Placés comme des petites figurines dans des paysages
majestueux, ou photographiés dans des poses qui visent plus
à renseigner sur des « types » — comme dans les séries de
cartes postales de l’époque coloniale — qu’à faire des
portraits d’individus, les Palestiniens imposent une
certaine distance avec l’artiste. Figés dans des décors
qu’on a choisis pour eux, les hommes et les femmes
photographiés dans ces clichés restent murés dans des
regards durs et fermés. Des regards que l’on retrouve dans
les photographies d’Indiens prises par des colons en
Amérique, dont plusieurs exemplaires sont reproduits ici.
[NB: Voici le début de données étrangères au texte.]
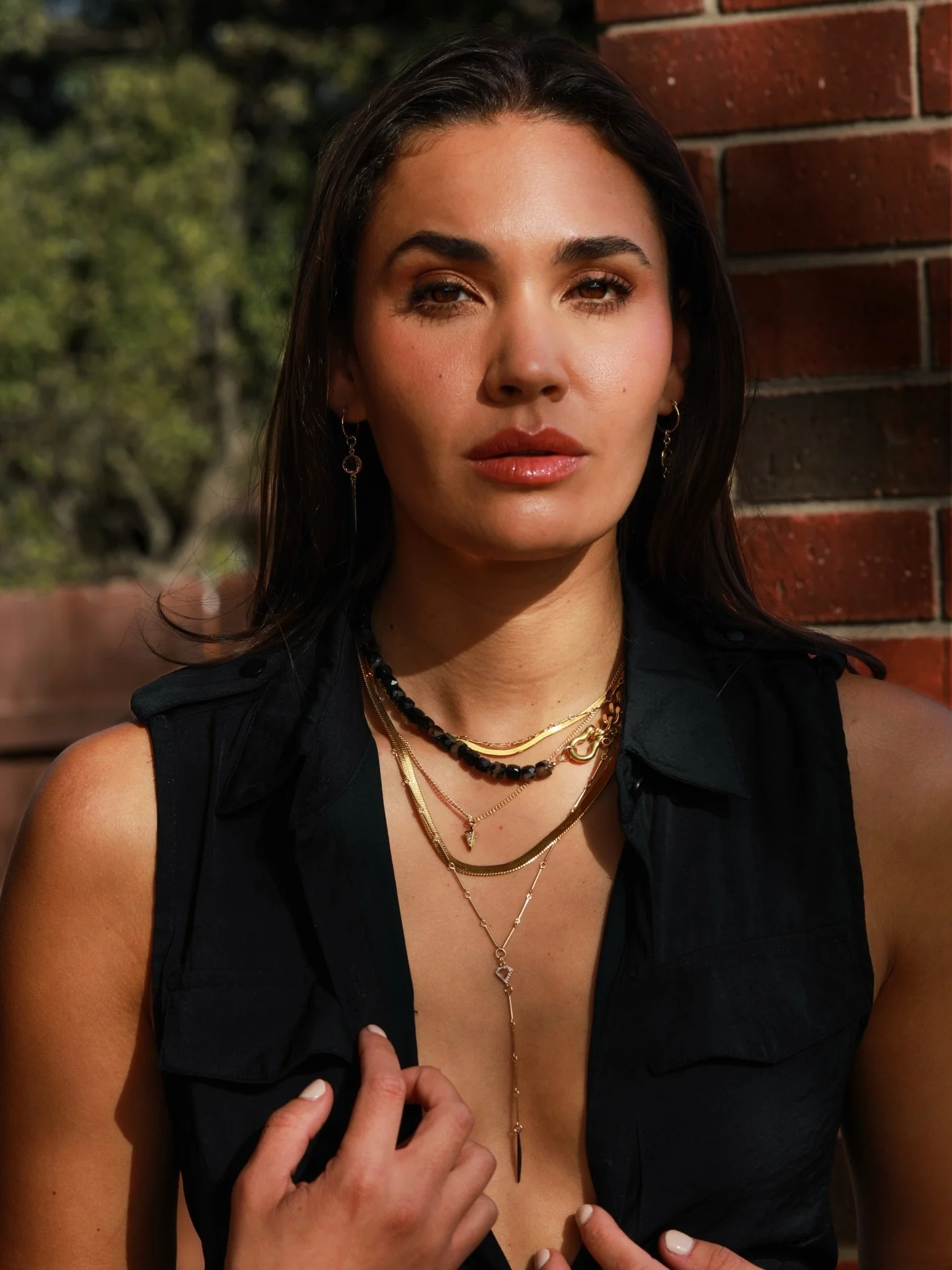 A stunning adornment for your most glamorous evenings. Enter your lariat era.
Des regards qui changent de façon spectaculaire dans la
série de portraits prises par Khalil Raad au début du
vingtième siècle. Les « autochtones (…) sourient désormais à
l’objectif » ; dans un portrait intitulé Femme et enfant,
pris en 1920, la femme est détendue, rieuse, comme amusée
par le jeu de la pose. Son expression chaleureuse et vivante
exprime le rapport d’empathie qui la lie à l’artiste.
Mariages, scènes d’hommes et de femmes au travail dans des
champs de coton et de blé, enfants rassemblés devant la
porte d’une école : les photos de Raad sont l’antithèse de
celles du colon. Prises par un Palestinien, ce sont des
archives de l’intérieur. Derniers clichés d’une mémoire «
ordinaire », avant le passage aux photos de manifestations
et de martyrs et avant « la noyade ».
Les photos de l’expulsion en 1948 se comptent sur les doigts
des deux mains : seules « 9 images pour 800 000 absents »
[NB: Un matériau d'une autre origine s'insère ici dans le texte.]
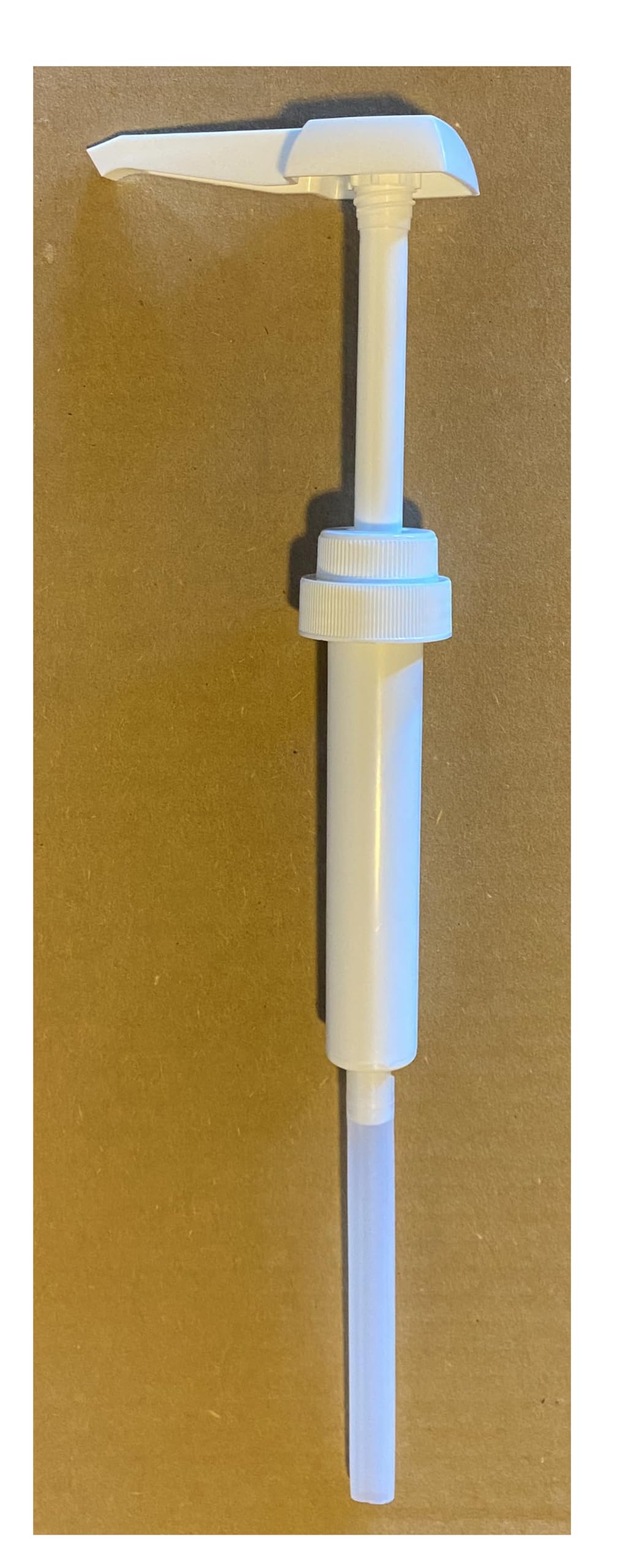 **Therapist's Choice Gallon Pump Dispenser for Oil & Lotion - Ideal for Massage Therapy, Salons, and Home Use**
expriment l’affolement et la hâte du départ.
Plus tard, en exil, là où le temps s’étire et se fige dans
l’expectative, les photos sont beaucoup plus nombreuses.
Prises dans les camps de l’UNRWA, elles capturent les
regards de l’attente et de l’impuissance.
Les
portraits de fedayyins, pris pour certains par un « artiste
militant » mort au combat (Hani Jawhariyyeh) dans les années
1970, sont une revanche face au désarroi de l’exil. Ces
regards de lutte, ces poses de guérilleros expriment
comment, « à la différence de leurs pères qui se dirigeaient
en 1948 vers le hors-champ, les enfants tentent de
réintégrer le champ ». Ces clichés pris sur le vif racontent
l’exultation militante à son comble, la fougue d’un peuple
tendu vers l’espoir de la victoire, hommes et femmes
ensemble, mêmes vareuses, et mêmes armes au poing.
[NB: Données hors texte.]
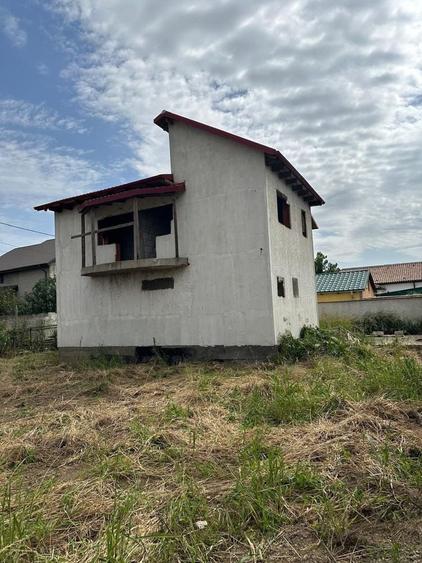 Casă cu 3 camere în Central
Ces premières photos prises sur le vif seront peu à peu
détournées pour le besoin de la « propagande » et fabriquées
selon des mises en scènes préétablies — mais cette fois-ci
par leurs acteurs eux-mêmes. Cette magie de la mise en scène
photographiée sera à nouveau usurpée par le regard de
l’autre, cette fois-ci pendant les première et deuxième
Intifada. Cette fois-ci, c’est une autre mise en scène qui
fait rage, celle d’un conflit qui « croule sous les images
». Des images « qui, à force de se reproduire à l’identique,
finissent par ne rien montrer », selon l’expression de
Sanbar.
Comme antidote à ce regard qui ne répond qu’à un seul
impératif, celle du marché de l’image de guerre, Sanbar
choisit les œuvres de photographes qui, pour lui, ont
réellement « vu » ce qu’ils ont photographié, entre autres
Joss Dray, Antoine D’Agata et Patrick Tosani. Qui ont vu les
destructions et le deuil, le désespoir et l’absurde de la
répression, mais aussi l’enfance au quotidien. C’est sur les
portraits d’enfants de Tosani qu’Elias Sanbar clôt son
livre. Concluant ainsi sur des regards ordinaires, qui
revendiquent tout simplement leur droit à la vie.